[Opening RECORDS FOR THE TASK section]

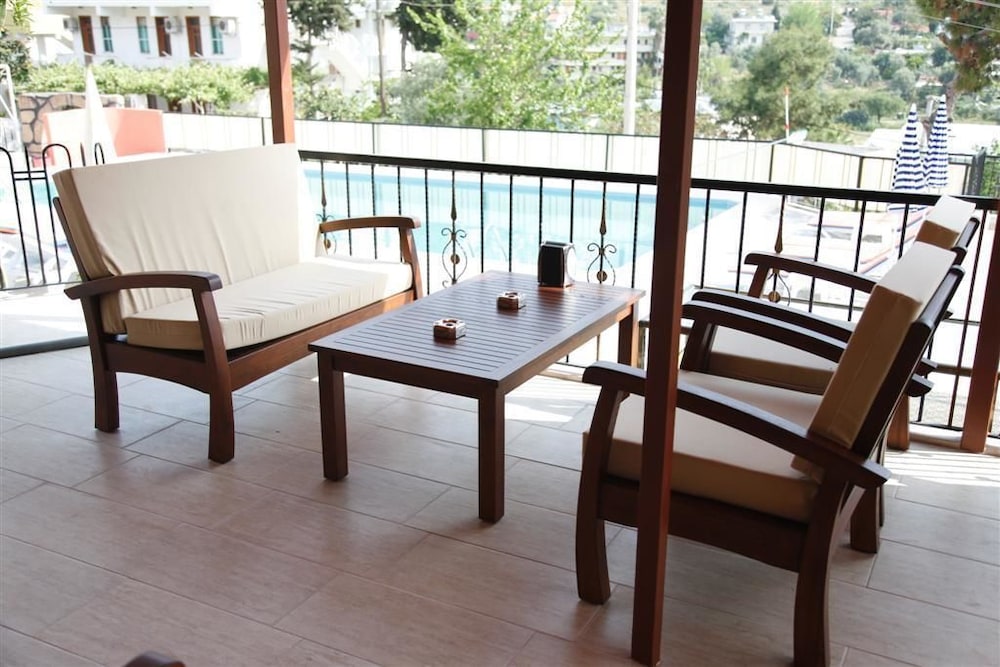Apollon Hotel 21/37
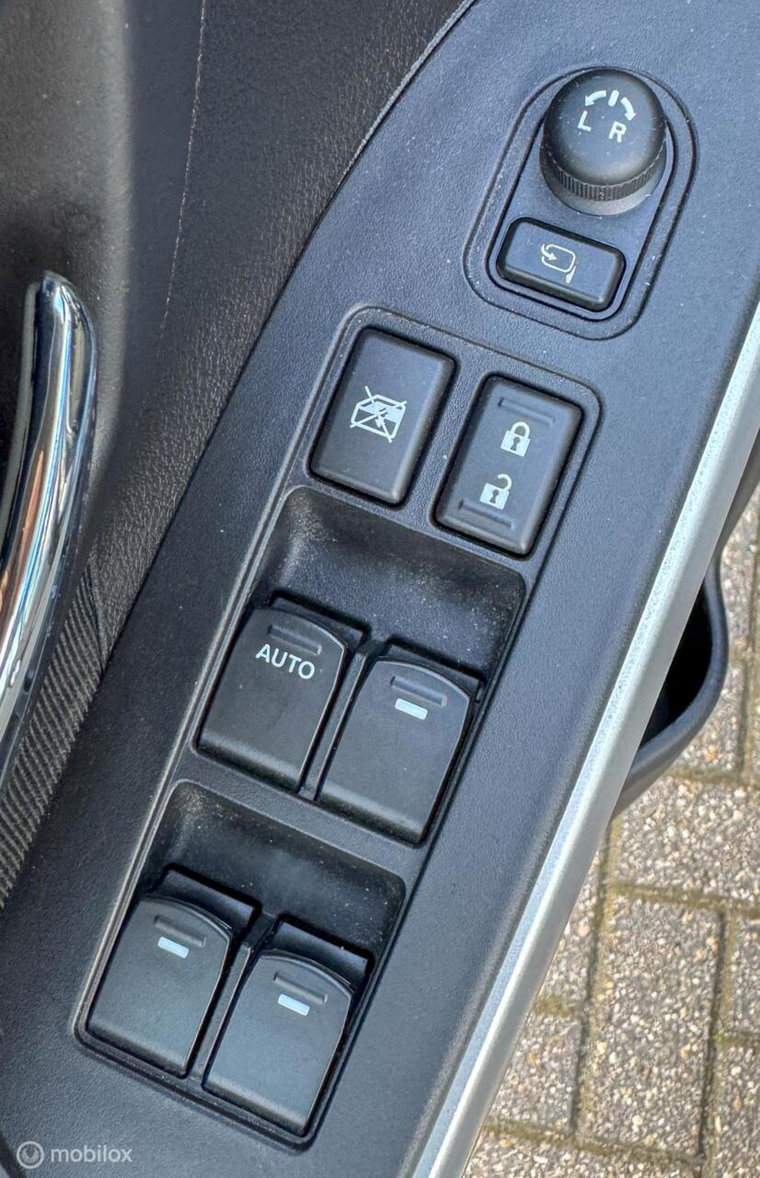 Vehicle Image 32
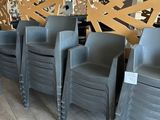 a lot of chairs that are lined up in a room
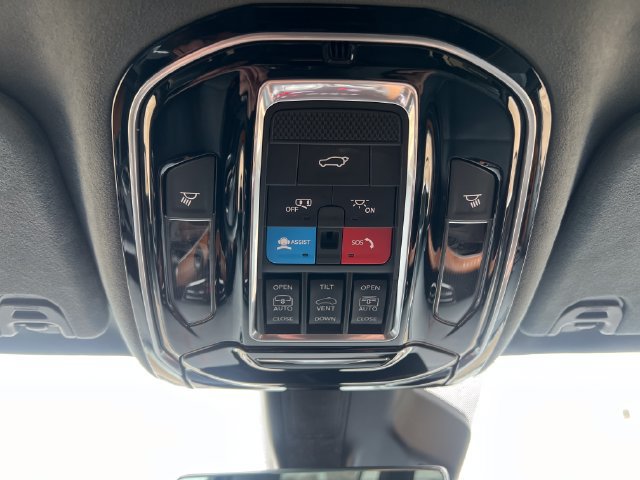 Used 2023 Jeep Grand Wagoneer Series II AWD/4WD image 36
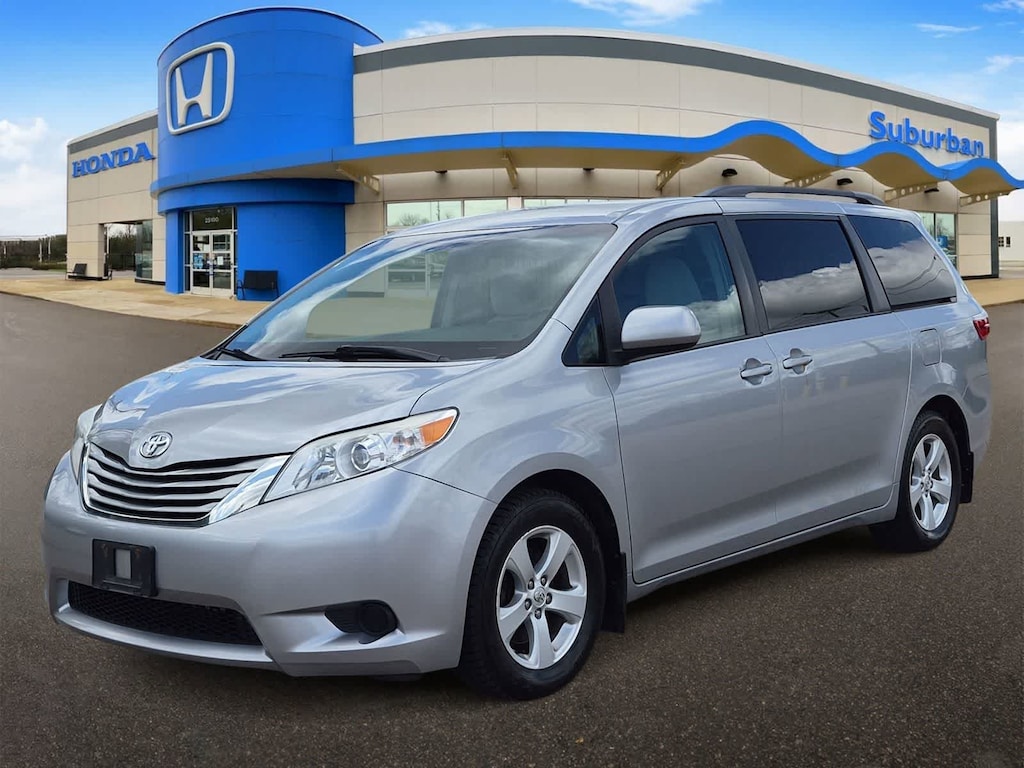 Used 2016 Toyota Sienna LE Van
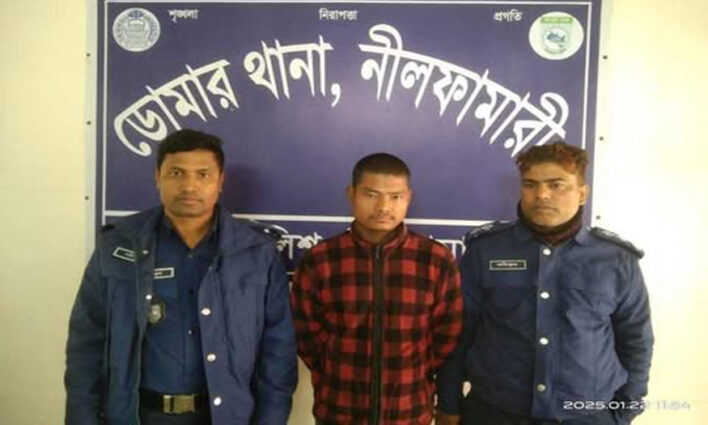 ডোমারের ছেলের কোঁদালের কোপে মৃত্যুর সঙ্গে পাঞ্জা লড়ছেন পিতা অনিল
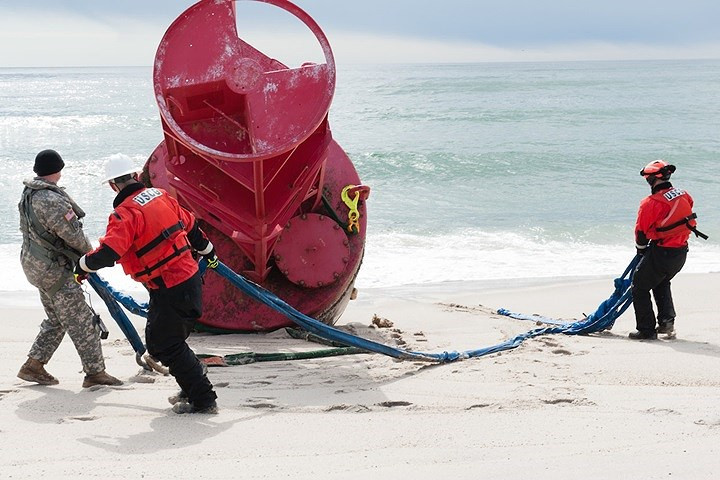 Chuẩn bị dây để cẩu một phao nặng trôi dạt lên bờ ở bang Massachusetts.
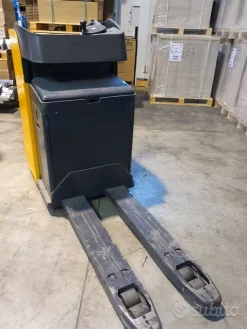 Transpallet uomo a bordo Jungheinrich ESE 120
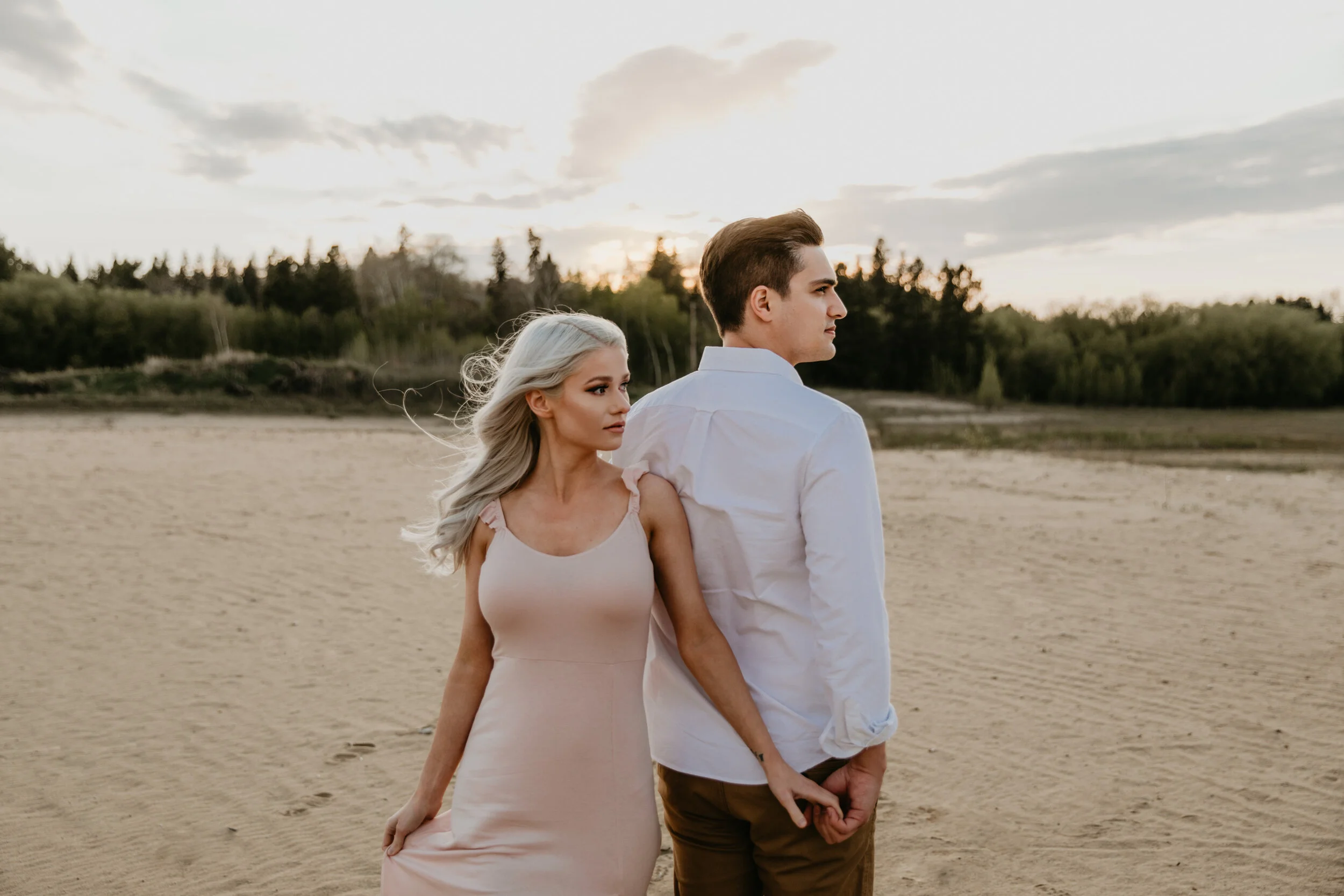 GH Photography Edmonton Engagement Session In Sand Dunes-5.jpg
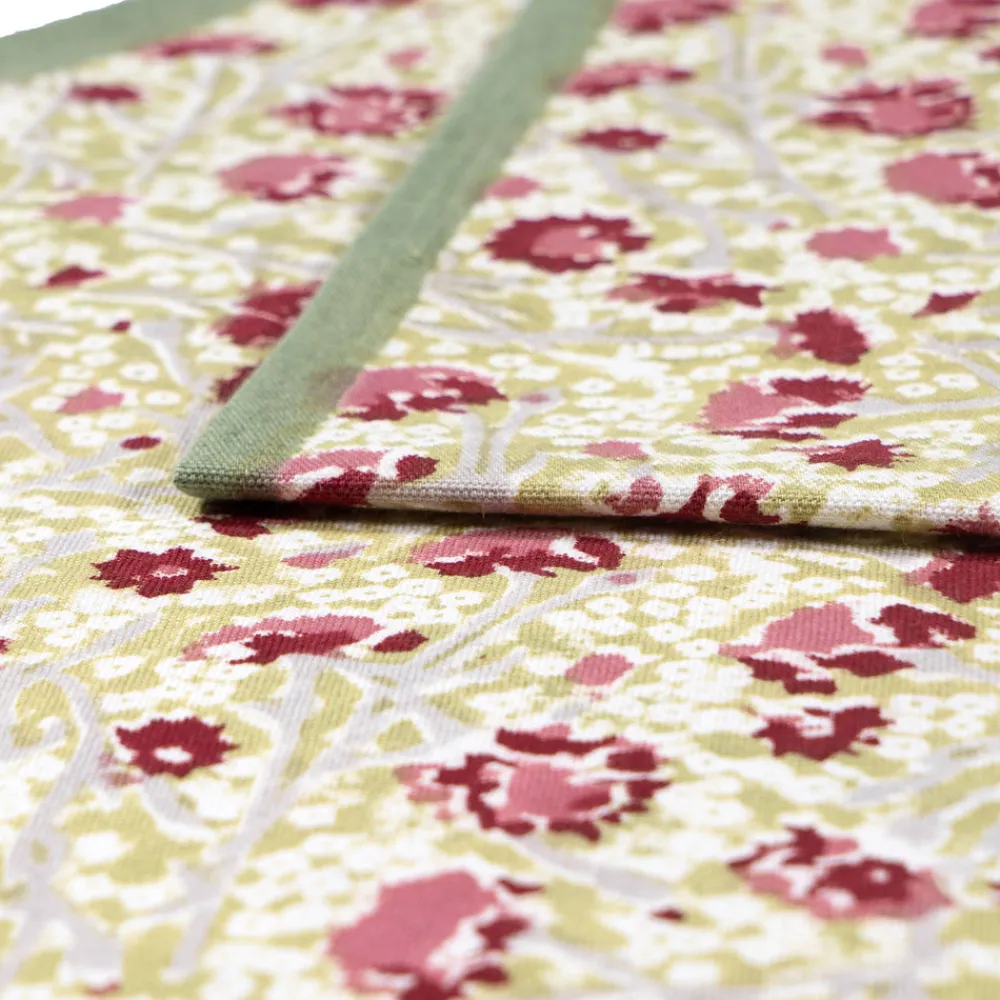 Couleur Nature Place Settings & Linens|Meadows Runner Red & Green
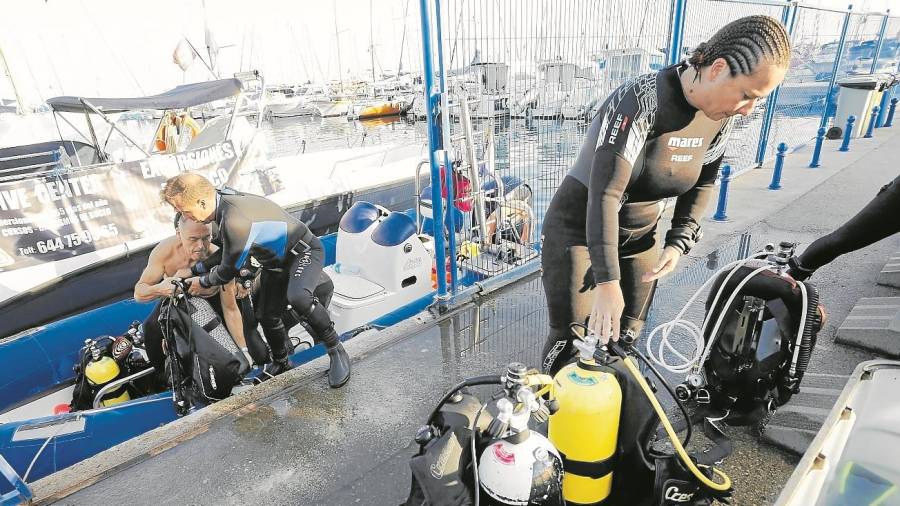 Un grupo de submarinistas se prepara para realizar una inmersi&oacute;n con la empresa Mar de Hielo. FOTO: Pere Ferr&eacute;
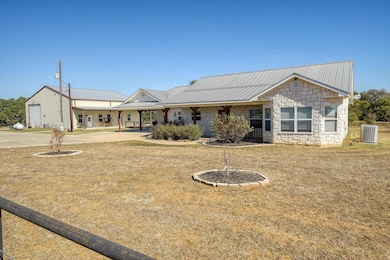 603 Watterson Rd unit B and C, Bastrop, TX 78602 - photo 4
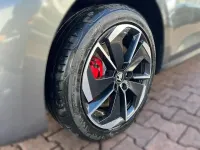 Neu Skoda Octavia RS 265 PS (194 kW) 2025 Grau Kombi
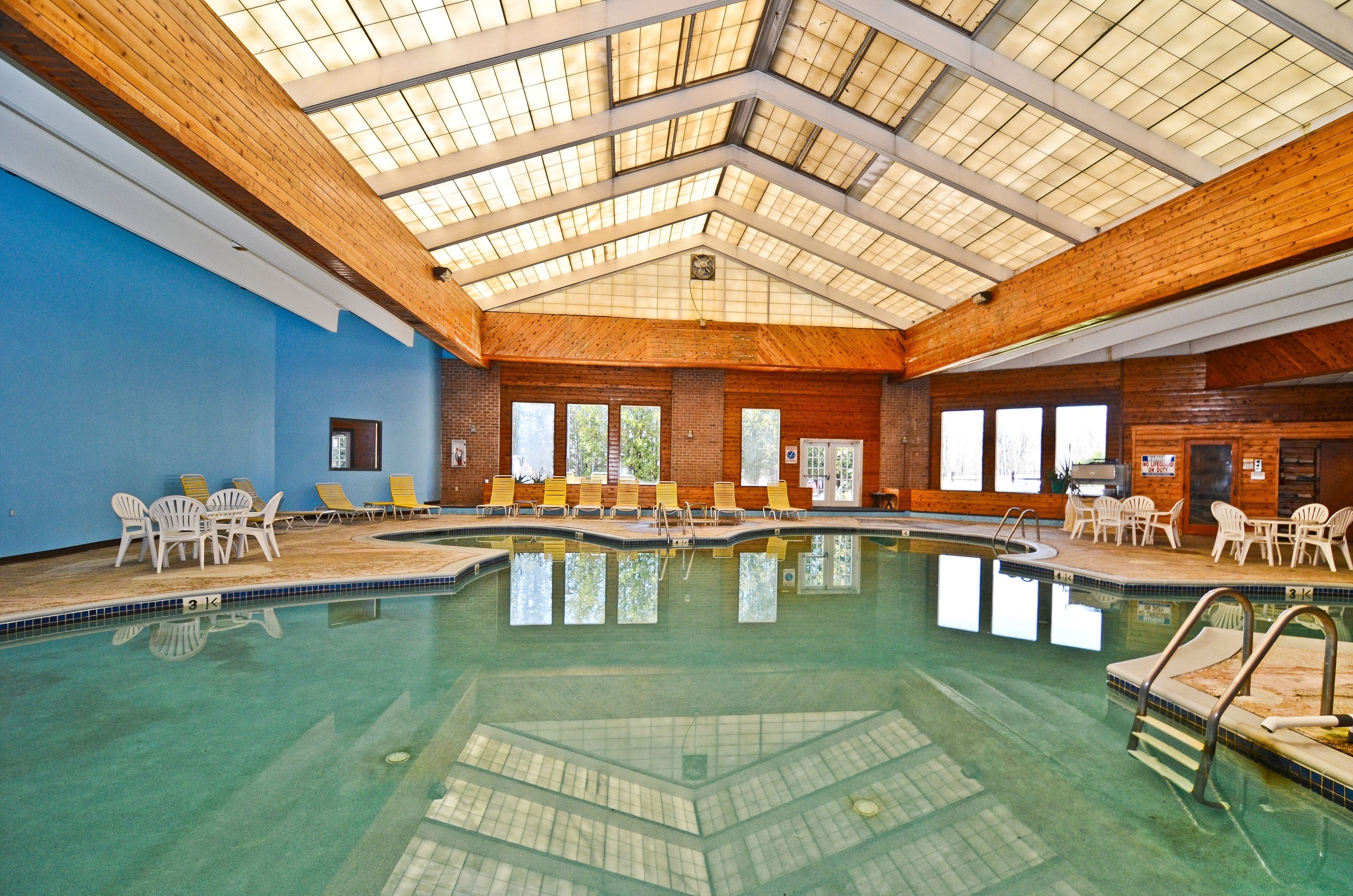 Pocono Resort Conference Center - POCONO MOUNTAINS in Lake Harmony, United States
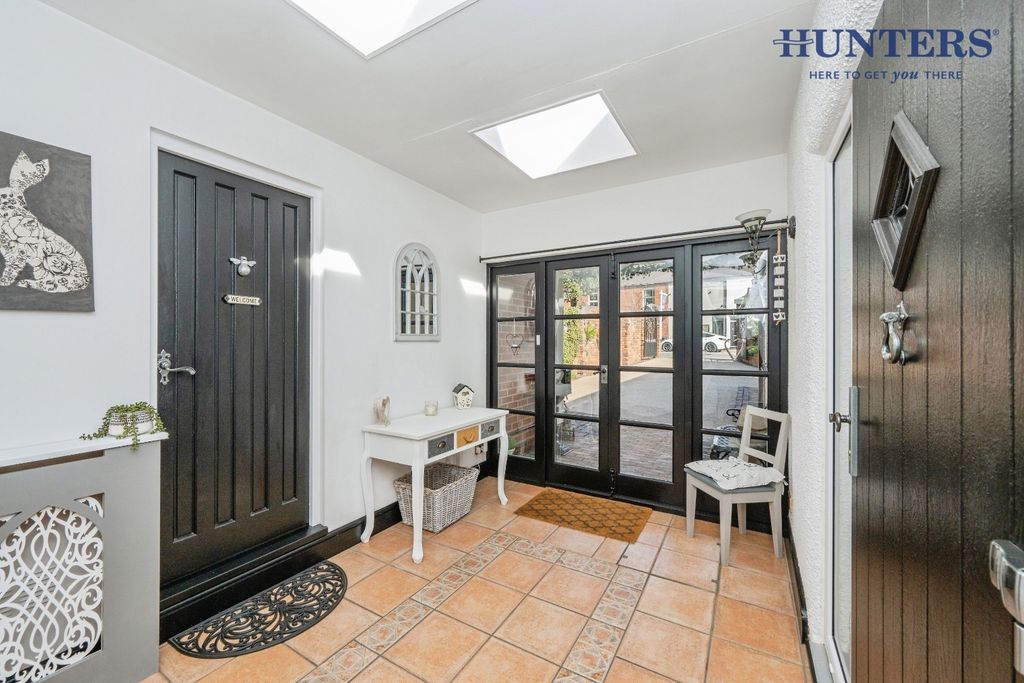 Property photo 3 of 40 Pbox-Img.Jpg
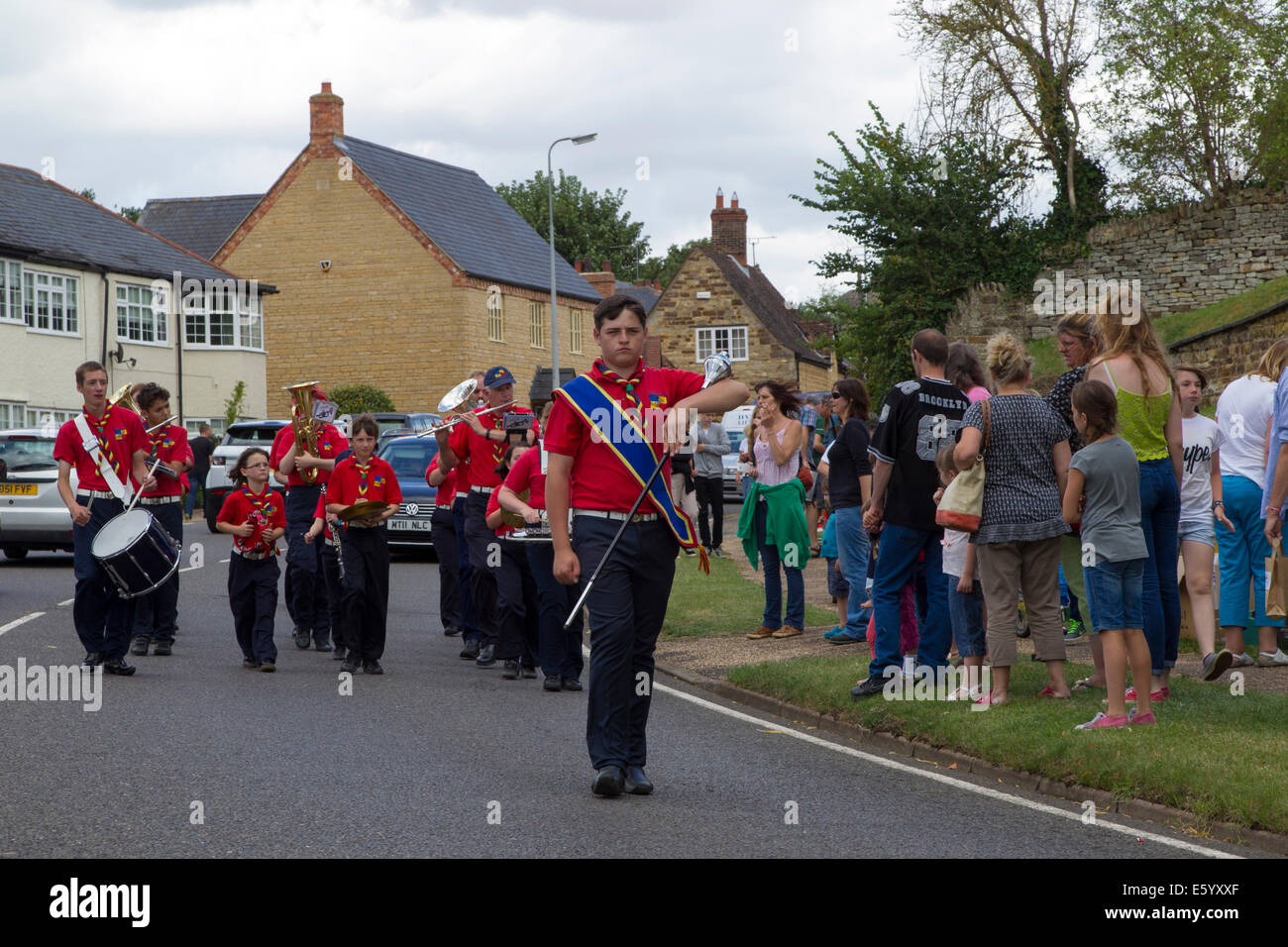 Blisworth, Northamptonshire, UK. 9th August, 2014.  The Grand Union Canal, Blisworth Canal Festival, Crowds enjoying the fine warm weather during the first day of The festival  which is going on over the weekend. The Festival is organised by Blisworth Canal Partnership. Which is a non-profit making organisation. Stock Photo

[Closing RECORDS FOR THE TASK section]

--- WORK ORDER ---
Nothing but the lines from the one with "GH Photography Edmonton" to the one with "Property photo 3 of 40 Pbox-Img.Jpg" above, both included, should be transcribed, exactly and without pictures.

--- ANSWER ---
 GH Photography Edmonton Engagement Session In Sand Dunes-5.jpg
 Couleur Nature Place Settings & Linens|Meadows Runner Red & Green
 Un grupo de submarinistas se prepara para realizar una inmersi&oacute;n con la empresa Mar de Hielo. FOTO: Pere Ferr&eacute;
 603 Watterson Rd unit B and C, Bastrop, TX 78602 - photo 4
 Neu Skoda Octavia RS 265 PS (194 kW) 2025 Grau Kombi
 Pocono Resort Conference Center - POCONO MOUNTAINS in Lake Harmony, United States
 Property photo 3 of 40 Pbox-Img.Jpg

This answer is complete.